You're here when: You need analytics infrastructure and you're choosing between building custom data pipelines or using off-the-shelf tools like Segment, Amplitude, or Mixpanel.
The Heuristic
The default answer is buy. Custom data infrastructure is a time sink that feels productive but rarely creates competitive advantage at early stage. You build when you've hit a specific wall that buying can't solve.
- Team size under 5 engineers? Buy. You don't have the bandwidth to maintain a custom pipeline and build product at the same time. Every hour an engineer spends debugging Airflow DAGs is an hour they're not shipping features.

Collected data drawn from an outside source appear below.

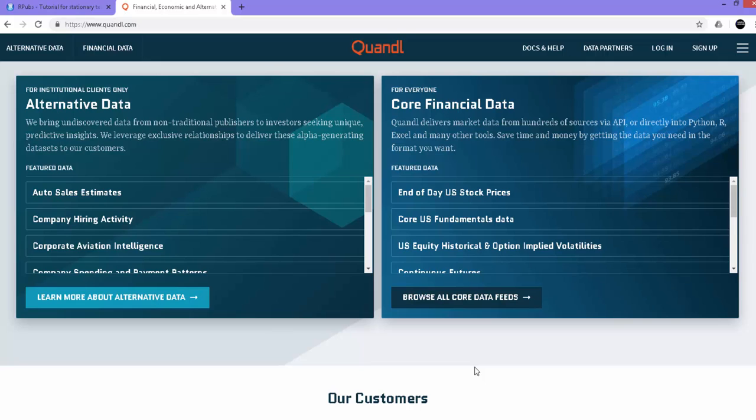In this video, I'm going to talk about how to import financial and economic data from Quandl directly onto the R session. If you're not familiar with what Quandl is, you can simply do a Google search. Quandl is a repository of financial and economic data. You can go to the website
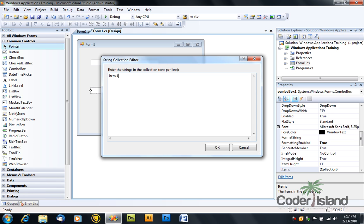So item1, enter, item2, enter, item3, etc. And click OK.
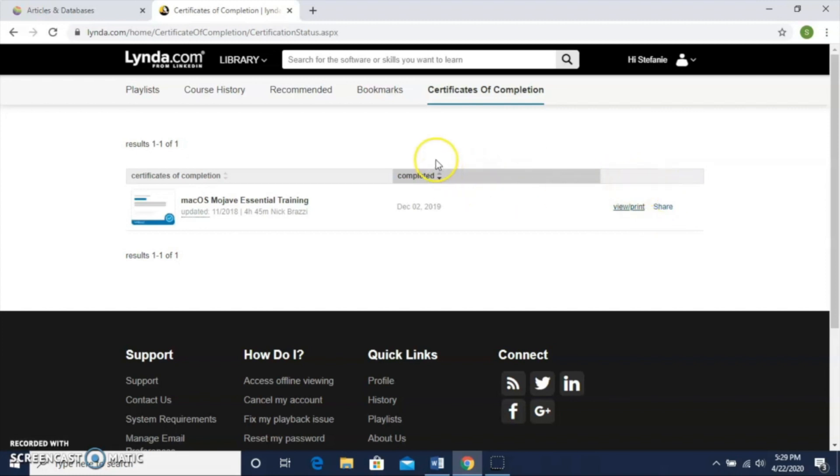The certificates are also great for your resume. If you're looking for a job, it's a great thing to be able to put on your resume and show prospective employers that maybe you've kept up on skills that you have, but also learned new skills. And now's a great time to do that. I hope you get a lot out of lynda.com and that you enjoy it as much as I do.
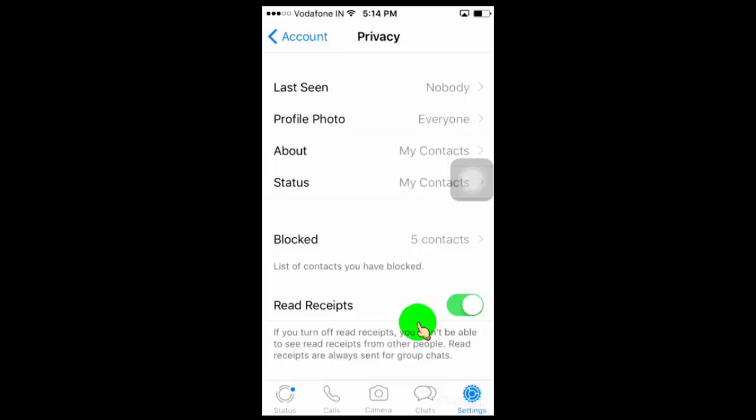It will also apply the same for us too, means when we send message to someone, we can't see blue ticks on our sent message.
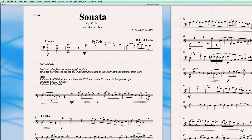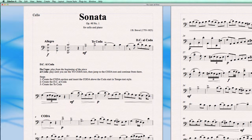Hello and welcome to another Sibelius 6 quick tip. Today I want to show you how to create a Da Capo Al Coda. In a Da Capo Al Coda, the music plays till the end of the piece where you mostly have this command — Da Capo Al Coda — meaning play from the beginning of the piece, so it will start at the beginning and then go to the Coda command, jump from there to the Coda section, and from there it plays mostly to the end.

- Is your data use case standard? Product analytics, marketing attribution, funnel tracking, these are solved problems. Off-the-shelf tools handle them well. Build only when your use case is genuinely non-standard.
- Is the annual tool cost less than one week of engineer salary? Buy. A $500/month analytics tool costs $6,000/year. An engineer spending one week building and maintaining a custom equivalent costs $4,000-$5,000 in salary alone, and that's before the ongoing maintenance tax.
- Is the tool blocking you from doing something critical? That's the real build signal. When Amplitude can't handle your data volume, when Segment's event schema is too rigid for your domain, when you need cross-platform identity resolution that no tool supports, those are reasons to build. "Netflix does it" is not.
Decision Tree
Quick Example
A Series A SaaS company with 8 engineers spent two months building a custom event pipeline using Kafka, dbt, and a self-hosted Redash instance. It worked, but it required one engineer's full attention to maintain. When they did the math, the custom stack cost about $15,000/month in engineer time. Switching to Segment plus Amplitude cost $2,000/month and freed up an engineer to work on the product. The custom stack wasn't better. It was just more expensive.
The Inflection Point
The real signal to build isn't ambition, it's friction. You switch from buy to build when off-the-shelf tools can't handle one of three things:
- Volume — your event throughput exceeds the tool's pricing tier or performance limits
- Custom logic — you need transformations, identity resolution, or data models that the tool doesn't support
- Data ownership — you need raw data in your own warehouse for regulatory, security, or analytical reasons the tool can't accommodate
This inflection usually happens somewhere between Series A and Series B, when you have 10-20 engineers and enough data volume that the tool's limitations become real constraints. Before that, the "limitations" are usually hypothetical.
The Anti-Pattern
The Custom Stack Trap. Building a custom data pipeline at 500 users because Netflix and Spotify have custom pipelines. The logic sounds reasonable: "we'll need to own our data eventually, might as well start now." In practice, you're spending two months building infrastructure for a scale you may never reach, while neglecting the product work that would get you there. Netflix built custom infrastructure because they process billions of events per day. You process thousands. These are not the same problem.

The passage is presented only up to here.